Pictures aside, can you reproduce the records word for word?

*** Provided entries Section Begins ***

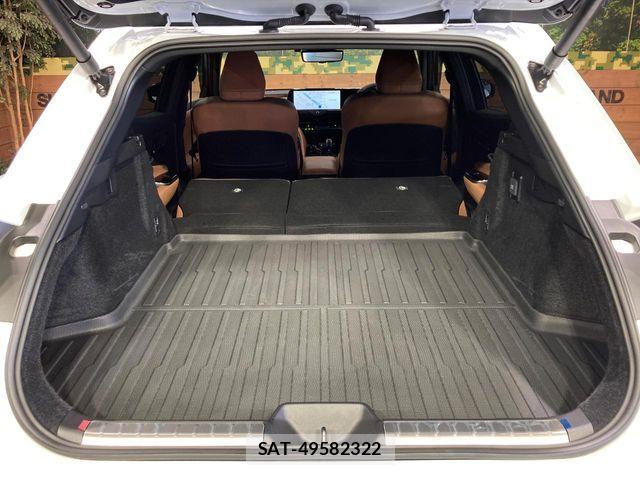 Toyota Crown Sports 2025-01 8685359-9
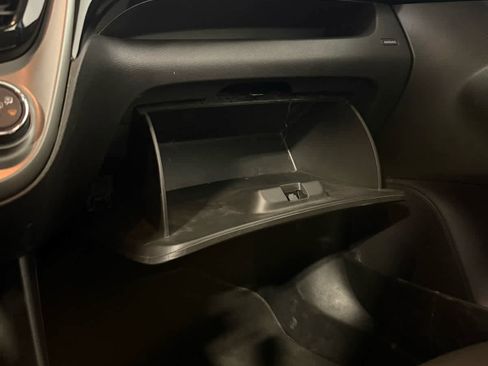 Used 2022 Chevrolet Spark LT image 16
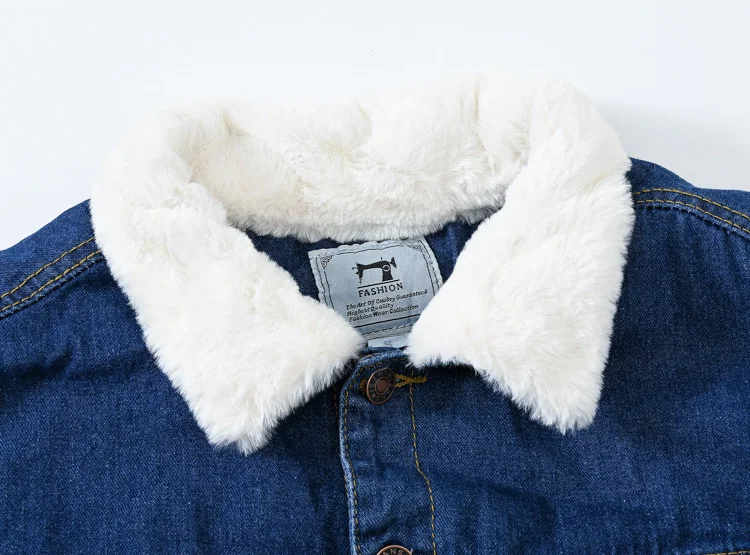 Модная плюшевая утепленная джинсовая куртка женская зимняя из овечьей шерсти
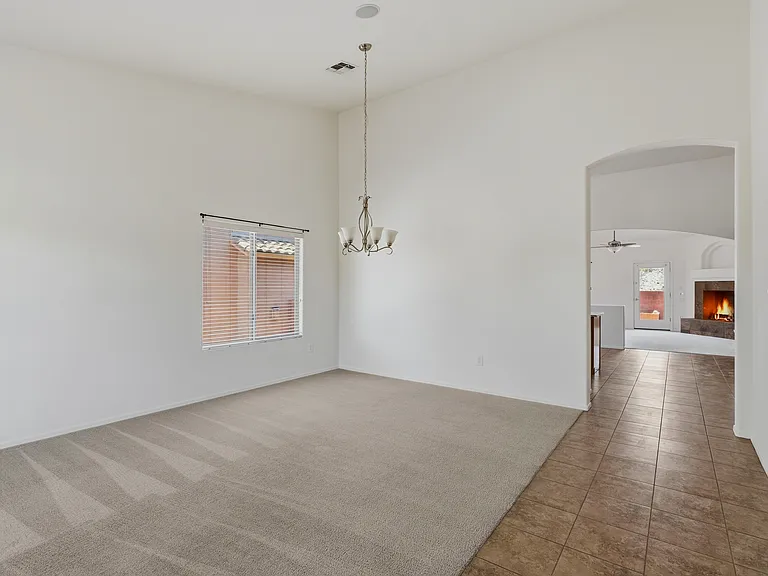 677 W Pizzicato Ln — Photo 7
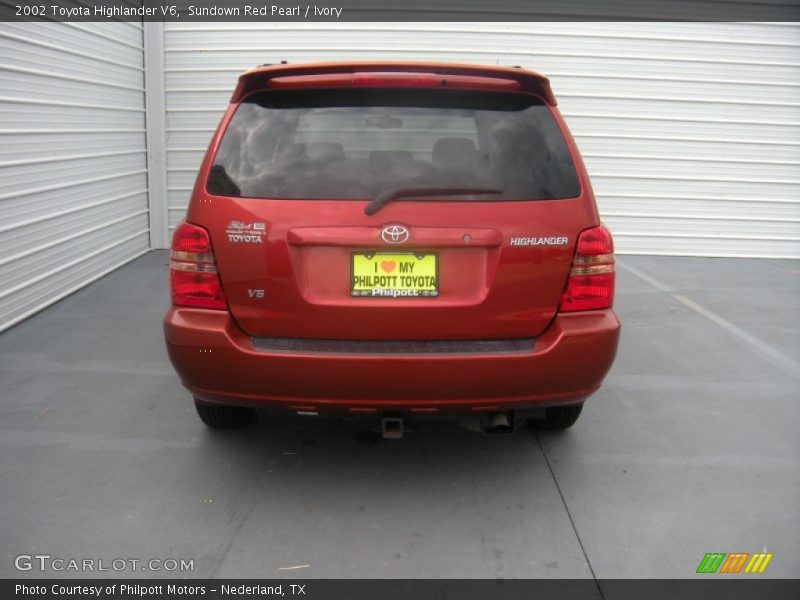 Sundown Red Pearl / Ivory 2002 Toyota Highlander V6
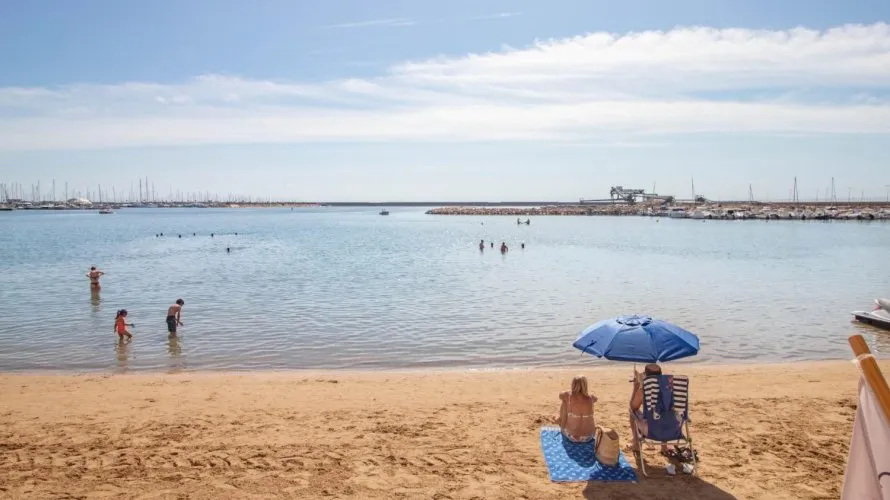 Apartamento de 73m² en Torrevieja, España No. 2716 № 1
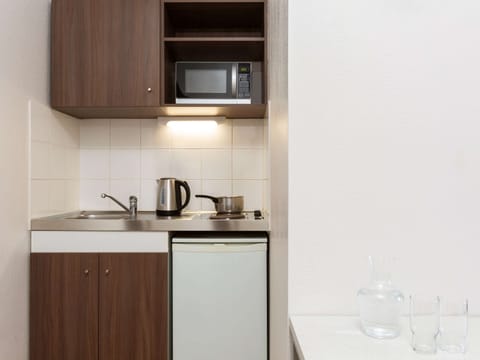 Studio, 1 Double Bed | Private kitchen | Fridge, microwave, stovetop, cookware/dishes/utensils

*** Provided entries Section Ends ***

• **Exercise result**
 Toyota Crown Sports 2025-01 8685359-9
 Used 2022 Chevrolet Spark LT image 16
 Модная плюшевая утепленная джинсовая куртка женская зимняя из овечьей шерсти
 677 W Pizzicato Ln — Photo 7
 Sundown Red Pearl / Ivory 2002 Toyota Highlander V6
 Apartamento de 73m² en Torrevieja, España No. 2716 № 1
 Studio, 1 Double Bed | Private kitchen | Fridge, microwave, stovetop, cookware/dishes/utensils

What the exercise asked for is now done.